2. Legenda adalah jenis cerita turun temurun bercerita tentang asal usul suatu geografis (asal nama daerah, asal mula sebuah pulau dan sebagainya). Contoh: legenda Ahmad Rhangmanyang yang menjadi pulau batu di Aceh Besar atau legenda si anak durhaka Malin Kundang di Padang, Sumatera Barat, legenda Nyai Roro Kidul, Gunung Tankupan Perahu, Jaka Tingkir (di Jawa), legenda Paya Terbang, legenda Raja Bakoi (di Aceh Utara), puteri Pukes, Loyang Koro, Pengantin Atu Belah (di dataran Tinggi Gayo, Takengon), dan legenda Tapak Tuan (di Aceh Selatan).

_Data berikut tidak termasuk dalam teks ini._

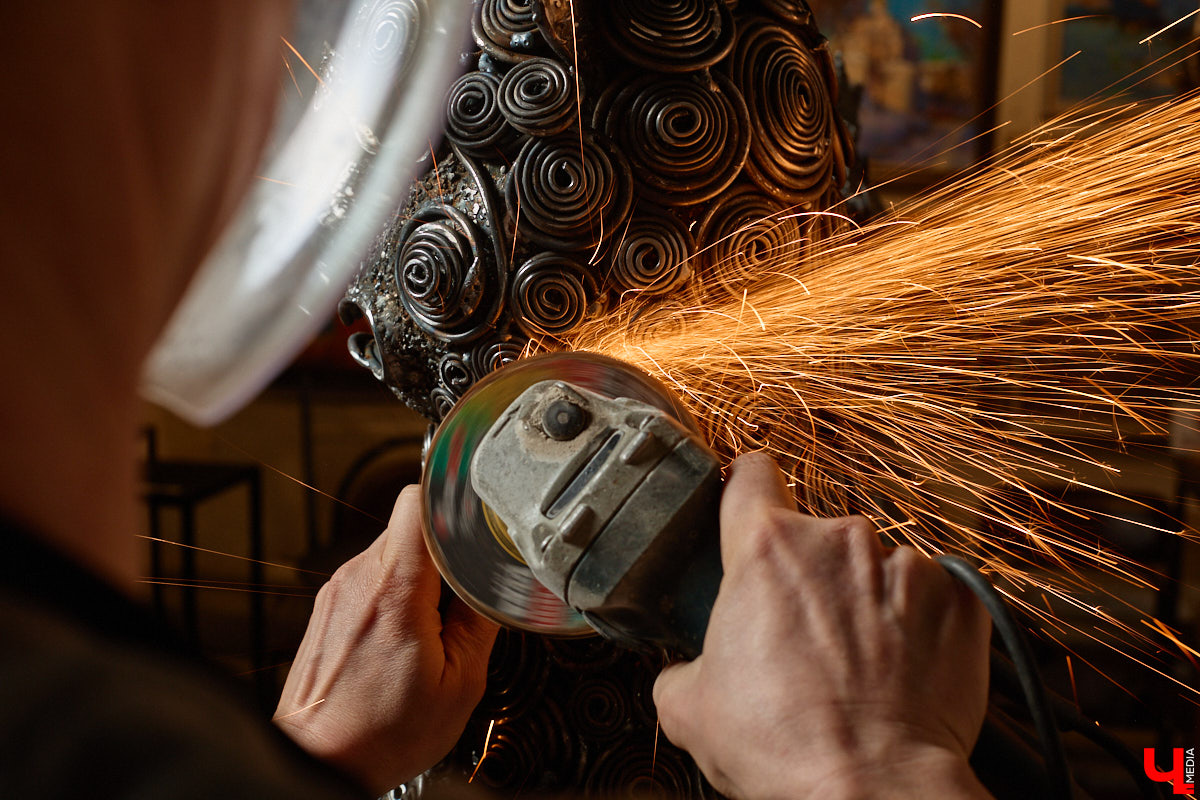 Владимирский скульптор Михаил Блинов умеет удивлять! На сей раз автор многих необычных композиций создал стального льва, образ которого почерпнул с барельефа Дмитриевского собора. «Ключ-Медиа» побывал в мастерской творца и оценил металлического царя зверей, словно сошедшего с фасада древнего храма.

3. Fabel adalah cerita yang ditokohkan oleh binatang. Jikapun melibatkan tokoh manusia, namun tokoh binatang dalam cerita fabel lebih dominan. Dalam fabel binatang menjadi aktor utama walaupun tanpa disutradarai oleh manusia cerita tepap berjalan sukses. Karena memang demikianlah sebuah fabel dikisahkan. Contoh fabel yang terkenal adalah Sang Kancil dan Harimau, Lutung Kasarung, dan Kera Sakti.

4. Haba Jameun (cerita rakyat) adalah kabar zaman yang diriwatkan dari mulut kemulut. Secara turun temurun. Jika ada cerita rakyat yang terkumpul dalam sebuah buku itu bukanlah milik penghimpun. Melainkan milik semua masyarakat dimana cerita rakyat tersebut berkembang. Sebagai penghargaan kepada penghimpun cerita ini disebut sebagai penyusun atau editor buku tersebut. Seperti kumpulan Kabar Zaman Dari Aceh karya LK. Ara. Cerita rakyat yang terkumpul dalam buku tersebut adalah milik masyarakat Aceh. Tetapi LK.Ara sangat berjasa dengan menerjemahkan cerita rakyat Aceh ke dalam Bahasa Indonesia. Haba jameun biasanya selalu diawali dengan pembukaan seperti berikut ini: bak jameun dile, na sibak bak jambe di leun. Trep nibak trep broek rumoh tinggai sudep… na saboh kisah, yang artinya: pada zaman dahulu ada sebatang pohon jambu di depan rumah. Lama kelamaan rusak rumah tinggal panggang… ada sebuah kisah. Contoh haba jameun : Abu Nawas dan Aneuk Yatim.